I was there when she fell in love. I don’t know what they were doing behind closed doors, but it seemed to take an agonizingly long time to get to the good part. Every day for years he would come over and they would watch basketball and ‘Martin’ on television. My grandmother, who spoke little English yet loved this enormous, gentle Black man, would feed him bowls of rice and curry. She’s dead now. Maybe those were the good parts.

He would leave at 5:45 pm, just before her mother came home. Once, he lost track of time and was forced to hide in the closet. Why was he a secret? No matter— this is where I learned much of what I know, of what I’m telling you now. Through a shouting match. The abortions, the shame, all was yelled and screamed. There was pushing. There were stairs, maybe. A broken arm. That’s what I remember. That’s what I heard.

They used to play-wrestle, piling themselves on top of each other, giggling hysterically. Sometimes I would join. I was a lonely child, too. Their bodies were warm.

I wonder if they’re there, wrestling in their house, giggling, right now. With their three big, beautiful, brown children, who are all well. The mother, now the grandmother, might come over to babysit. She was not just plain mean, after all. Perhaps there are snowdrifts outside. The older sister, now the lonely one, calls for her advice. Sometimes the call goes to voicemail while she speaks to her other friends. Her younger sister loves her, too, thinks she’s the kindest person she’s ever met. Feels mothered by her. Well-mothered. Mothered, well.

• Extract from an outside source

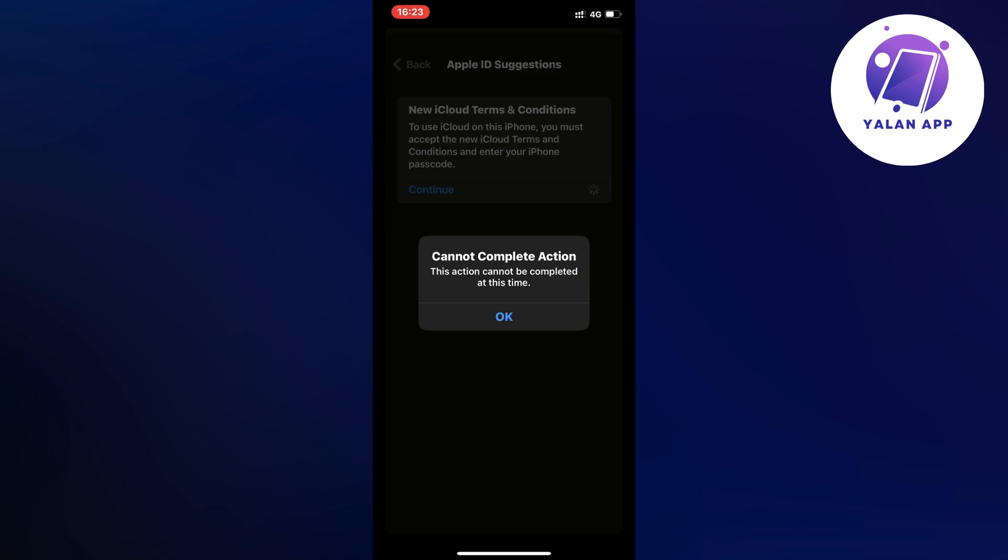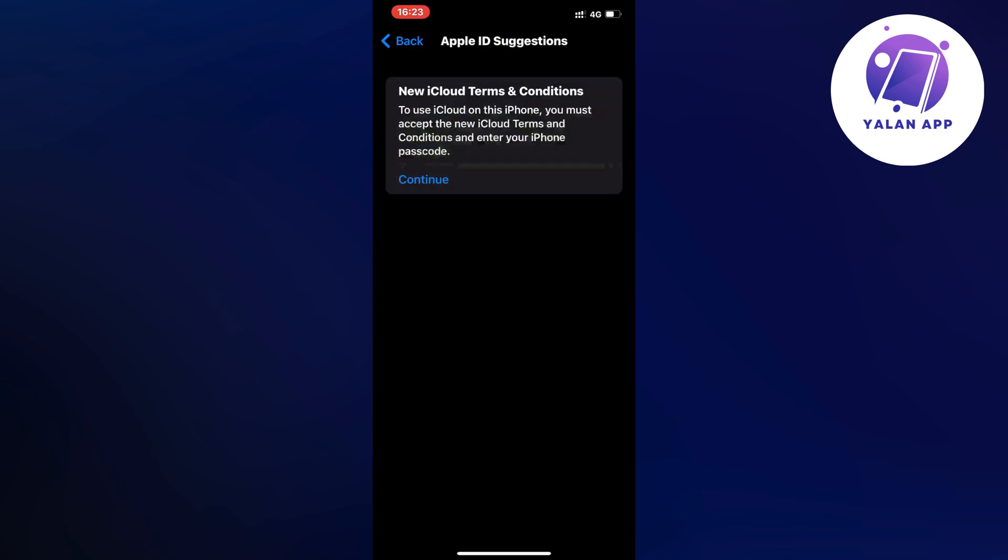This action cannot be completed at this time. So I have actually done a lot of research on this topic and why that is. It seems that there is actually right now kind of a bug going on with Apple themselves that they need to fix it for us.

That’s what I heard. That’s what I know.  

_____________________
dm philips

dm philips is a storyteller and birthworker born in goa, india, and raised in the northeastern US. her work explores queer diaspora, madness, unmothering, and finding/coming home. dm is a columbia university community scholar and two-time VONA/voices fellow. her writing can be found in the decolonizer, hot metal bridge, and elsewhere.